What the papers say
Journalist Mike Philpott takes a look at what is making the headlines in Wednesday's newspapers.
Page one of the Irish News is taken up with a picture of white-suited forensics officers searching the area near where a bomb exploded on Londonderry's Culmore Road early on Tuesday.
The paper says it's raised fears of a return to attacks on commercial premises.
The Belfast Telegraph says detectives are investigating the possibility that the real target may have been the Strand Road police station but the plan was foiled by the presence of patrols in the area.
The Mirror comments that Deputy First Minister Martin McGuinness, was "spot on" when he described the bombers as "conflict junkies".
"They bring only misery," the paper says, "but misery makes victims and victims make for conflict", and that's how the bombers "get their fix".
The News Letter has the findings of a survey by Liverpool University which suggests that 14% of people who identified themselves as nationalists "had sympathy for the reasons why some republican groups continued to use violence".
The paper describes the finding as "worrying" and says it is "clearly at odds" with the belief that the dissidents have no support.
The Irish Times comments that the businesses damaged in the attack represent normality and "normality is the enemy" for the dissidents.
The paper adds that such unrepresentative groups will not thrive in the long run, but it's likely they can survive on the fringes of a society "in which sectarian tensions and economic and social marginalisation continue to act as recruiting sergeants for extremism".
The Irish Independent, meanwhile, leads with the news that new motorway tolls are on the way in the Republic - four of them on the M50 around Dublin, but many more on the national routes that link the capital with other major cities.
The Independent also has a picture of Dave Grennan and his wife Carol in what looks like a garden shed without a roof, but in fact is their own private observatory.
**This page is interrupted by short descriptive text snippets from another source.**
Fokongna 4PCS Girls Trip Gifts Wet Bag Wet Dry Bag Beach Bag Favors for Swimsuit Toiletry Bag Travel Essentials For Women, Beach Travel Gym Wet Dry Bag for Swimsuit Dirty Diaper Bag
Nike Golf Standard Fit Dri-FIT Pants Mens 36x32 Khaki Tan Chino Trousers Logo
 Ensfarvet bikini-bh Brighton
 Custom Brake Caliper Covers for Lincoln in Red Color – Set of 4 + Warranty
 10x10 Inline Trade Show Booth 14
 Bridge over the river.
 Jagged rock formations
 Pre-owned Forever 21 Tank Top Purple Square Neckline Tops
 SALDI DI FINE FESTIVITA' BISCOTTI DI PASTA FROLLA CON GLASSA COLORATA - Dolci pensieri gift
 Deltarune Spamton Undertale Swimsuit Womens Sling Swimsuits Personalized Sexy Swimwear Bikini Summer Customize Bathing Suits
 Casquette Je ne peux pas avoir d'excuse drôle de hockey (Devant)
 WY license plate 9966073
They've become celebrities in the world of stargazing after discovering "supernova 2010IK" - the biggest discovery in the history of Irish astronomy.
"Tories in turmoil as child benefit backlash gathers strength," says a headline in the Independent.
The Guardian talks of "a day of jitters" in the Tory high command "amid fears that the government had made its first big mistake".
Many of the papers use a picture of the Prime Minister, David Cameron, his wife Samantha and their baby, Florence, to encapsulate the issue.
"Cameron says sorry to mums," is the headline above it in the Mail.
"I should have warned you," admits PM, says the Daily Telegraph.
The Times says the dismay within the conservative ranks was directed less against the ending of a universal benefit and more at a party leadership that seemed to be out of touch with its grassroots.
Almost every paper has an obituary and several have separate features as well, paying tribute to that master of comedy, Sir Norman Wisdom.
The Mirror says anyone who managed to become the biggest star in Albania during the grim communist era had to be special.
The Mail recalls him being knighted at Buckingham Palace and behaving impeccably until walking back to his seat, when he did one of his trademark trip-ups.
"The Queen," it says, "was very definitely amused."